ECLI:NL:RVS:2021:2779
Raad van State
- Voorlopige voorziening+bodemzaak
- Rechtspraak.nl
Hoger beroep en verzoek om voorlopige voorziening in vreemdelingenrechtelijke zaak
In deze zaak heeft de voorzieningenrechter van de Afdeling bestuursrechtspraak van de Raad van State op 10 december 2021 uitspraak gedaan in een hoger beroep en een verzoek om voorlopige voorziening. De zaak betreft een vreemdeling die, mede voor haar minderjarige kind, in beroep ging tegen een besluit van de staatssecretaris van Justitie en Veiligheid. Dit besluit, genomen op 19 augustus 2021, weigerde ambtshalve te bepalen dat de uitzetting van de vreemdeling achterwege blijft, zoals mogelijk gemaakt door artikel 64 van de Vreemdelingenwet 2000 (Vw 2000). De rechtbank Den Haag had op 17 november 2021 het beroep van de vreemdeling ongegrond verklaard, waarop zij hoger beroep instelde en tevens verzocht om een voorlopige voorziening.

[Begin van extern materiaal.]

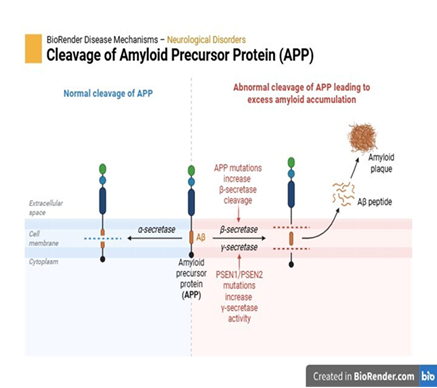 Graphical Abstract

De voorzieningenrechter overwoog dat het hoger beroep niet leidt tot vernietiging van de uitspraak van de rechtbank. De reden hiervoor is dat het hogerberoepschrift geen vragen bevat die in het belang van de rechtseenheid, de rechtsontwikkeling of de rechtsbescherming in algemene zin beantwoord moeten worden, zoals gesteld in artikel 91, tweede lid, van de Vw 2000. De rechtsvraag die in het hoger beroep aan de orde is, is eerder door de Afdeling beantwoord, waardoor er geen aanleiding is om in dit geval anders te oordelen.
Uiteindelijk werd het hoger beroep ongegrond verklaard en werd de uitspraak van de rechtbank bevestigd. Het verzoek om voorlopige voorziening werd afgewezen, en de staatssecretaris werd niet verplicht om proceskosten te vergoeden. De uitspraak werd gedaan door mr. C.M. Wissels, in tegenwoordigheid van mr. S.P.M. Zwinkels, griffier, en werd openbaar uitgesproken op 10 december 2021.